The FSA said the failings at Coutts were 'serious', 'systemic' and were allowed to persist for almost three years.
The regulator visited Coutts in October 2010 as part of a thematic review into the banks’ management of high-money laundering risk situations, where it identified that Coutts did not apply robust controls when dealing with high-risk or politically exposed persons.
The regulator identified deficiencies in nearly three quarters of politically exposed and high-risk consumer files reviewed.
The files failed to gather sufficient information to establish the source of wealth and source of funds for the consumers, identity or assess adverse intelligence about prospective and existing high risk properly, and to keep consumer information up to date.
The bank also failed to scrutinise transactions made through the accounts appropriately, the FSA said.
Tracey McDermott, FSA acting director of enforcement and financial crime, said: ‘Coutts’ failings were significant, widespread and unacceptable. Its conduct fell well below the standards we expect and the size of the financial penalty demonstrates how seriously we view its failures.

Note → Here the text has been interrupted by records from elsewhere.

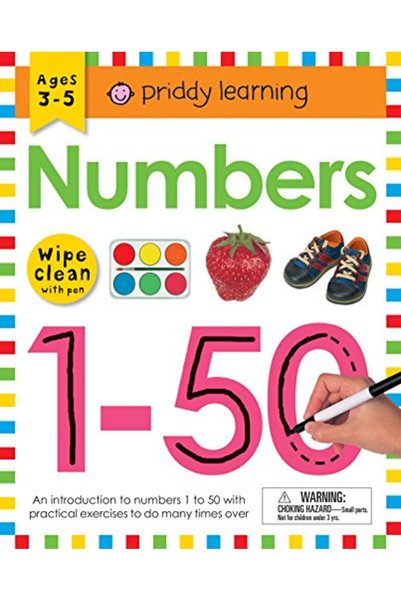 Priddy USA Wipe Clean Workbook Numbers 1-50 Ages 3-5 Wipe-Clean With Pen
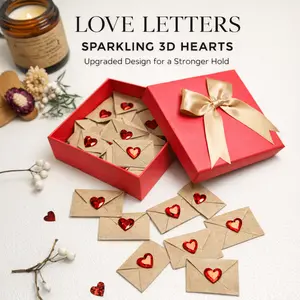 Upgraded DIY Love Notes Gifts Box with Strong-Hold 3D Hearts - Cute Open When Letters & Mini Envelopes - Unique Long Distance Gift for Mother's Day, Boyfriend, Anniversary, Birthday, Graduation, Wedding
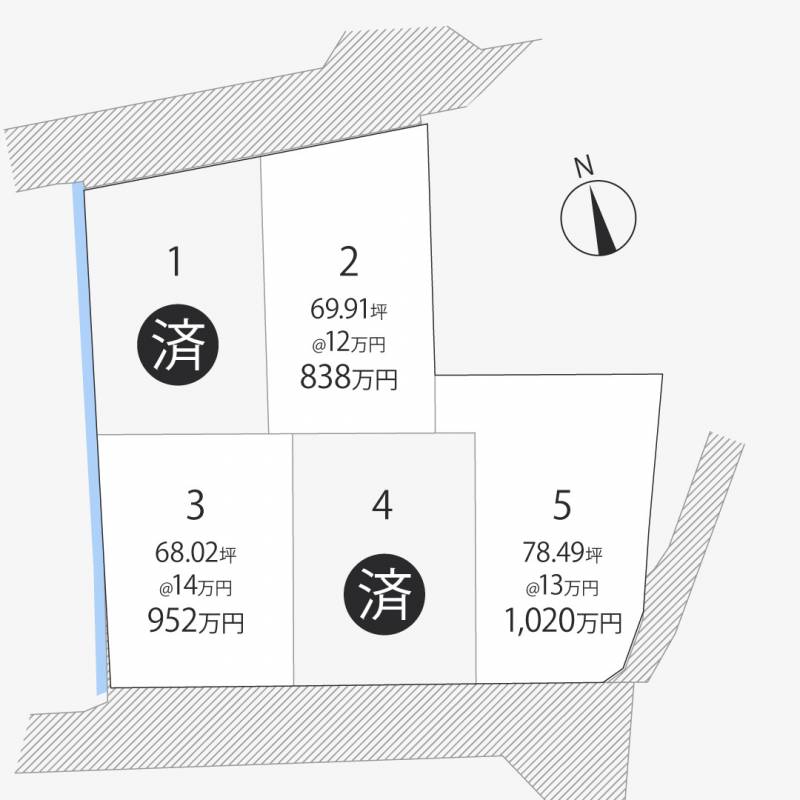 高松市鶴市町 鶴市町5区画2号地の区画図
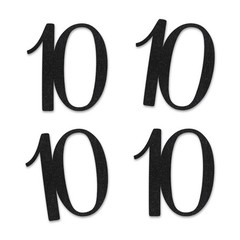 Black Glitter 10 CutOut Numbers 10th Birthday Party Anniversary Decoration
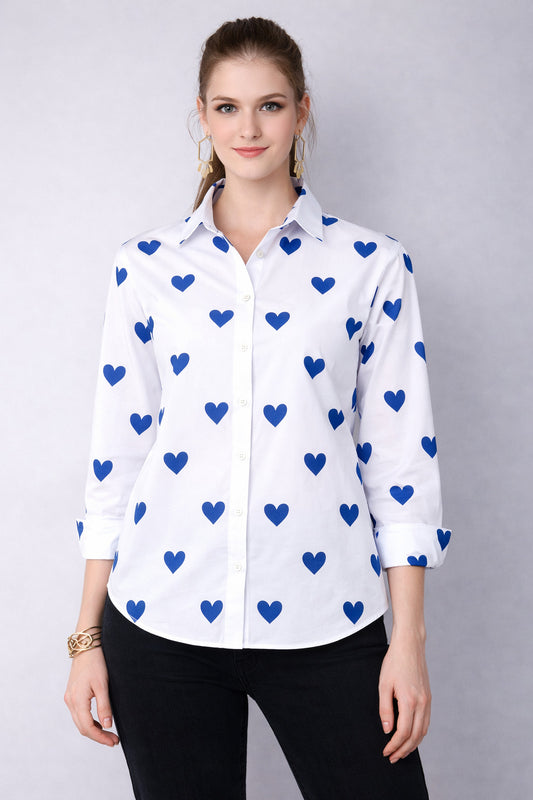 Heart Printed Shirt -Blue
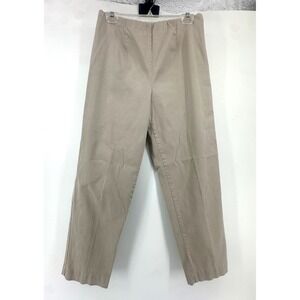 Bechamel Womens Khaki Tan Stretch Cotton Side‎ Zip Straight Leg Pants Size M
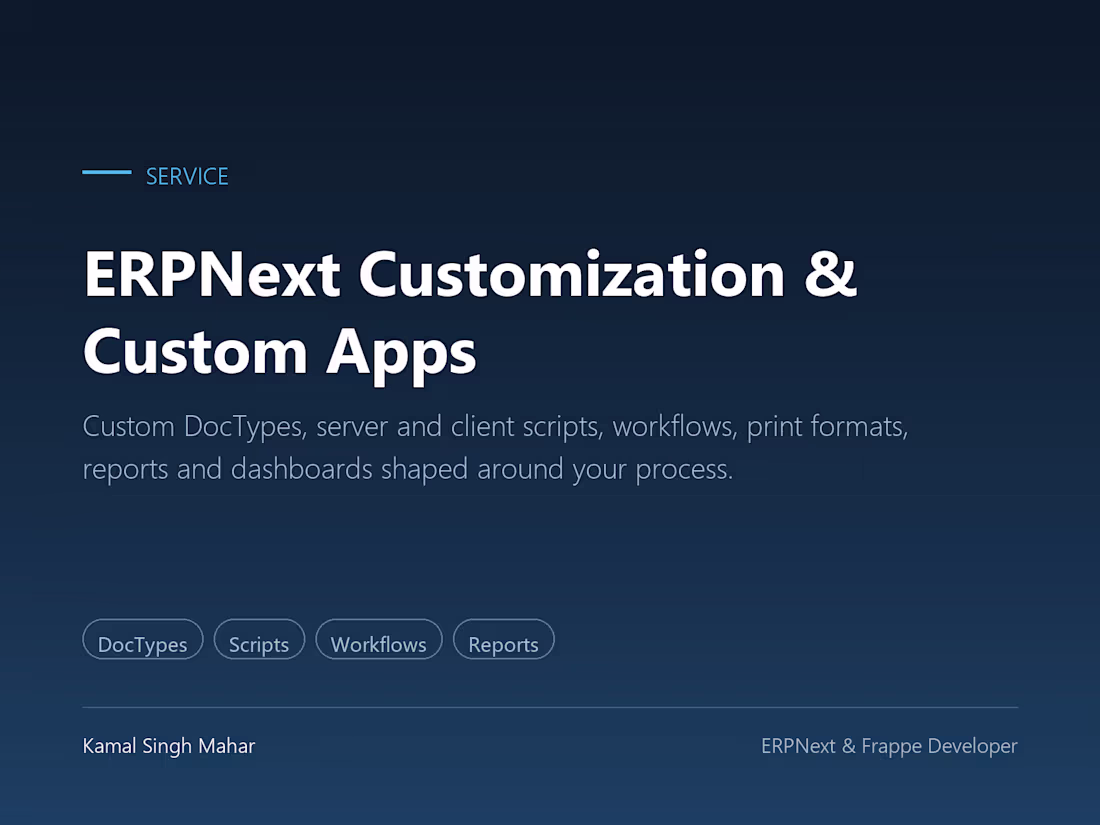 Cover image for ERPNext Customization & Custom Frappe Apps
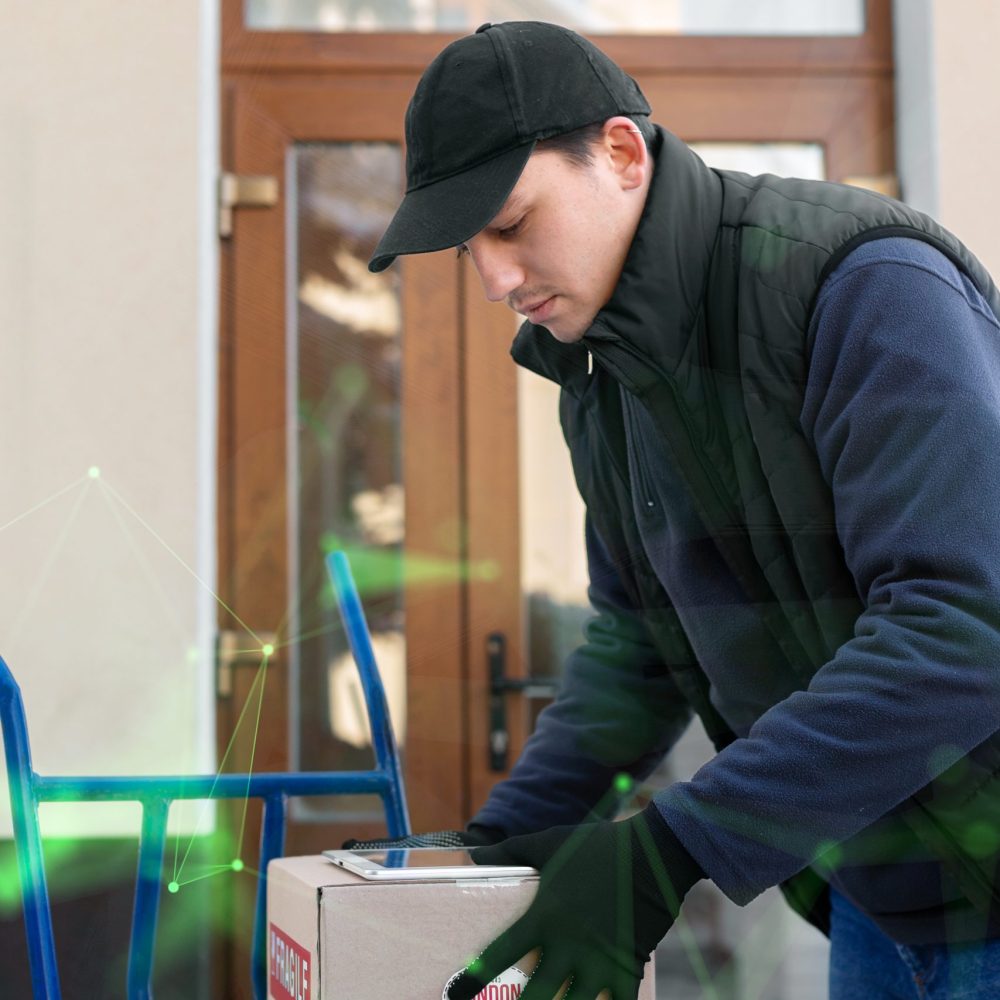 male-courier-stacking-packages-onto-trolley-with-green-plexus-overlay male-courier-stacking-packages-onto-trolley-with-green-plexus-overlay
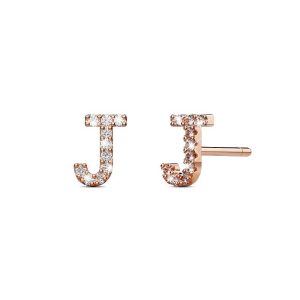 Solid 925 Sterling Silver Glamour Alphabet Letter Earrings Rose Gold - J
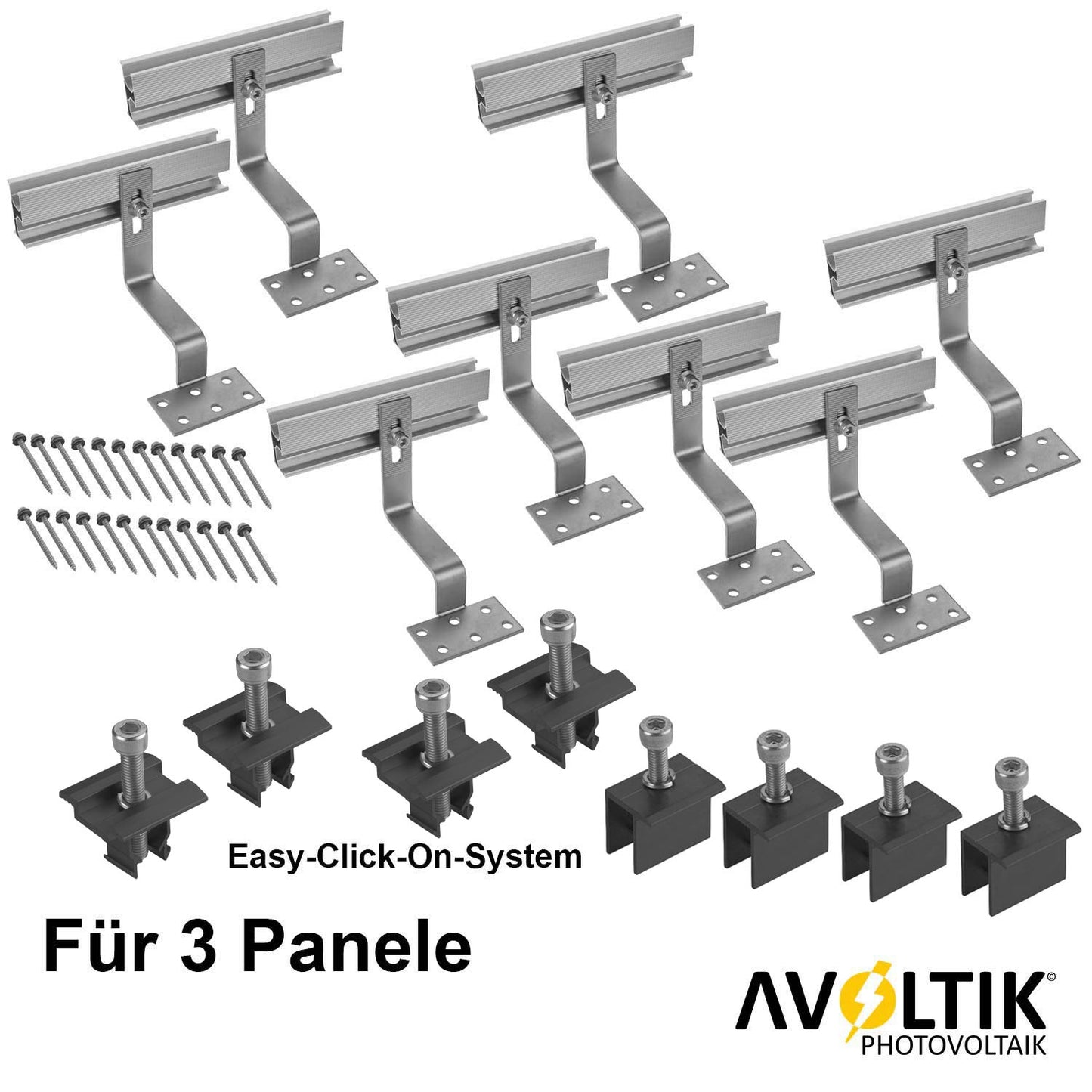 Avoltik Halterung Ziegeldach Montageset für Solarmodule 30-40 mm dicke schwarz Edelstahl Haken Produktbild 3 Panele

'This penalty should serve as a warning to other firms that, not only should they ensure they constantly review and adapt their controls to changing financial crime risks within their businesses, but that they must also make changes to reflect changing regulatory or other legal standards.'
The regulator would have imposed a fine of £12.5 million, but Coutts agreed to settle at an early stage.
As a result of the review, Coutts has implemented a number of improvements and recommendation including remedial amendments to customer files.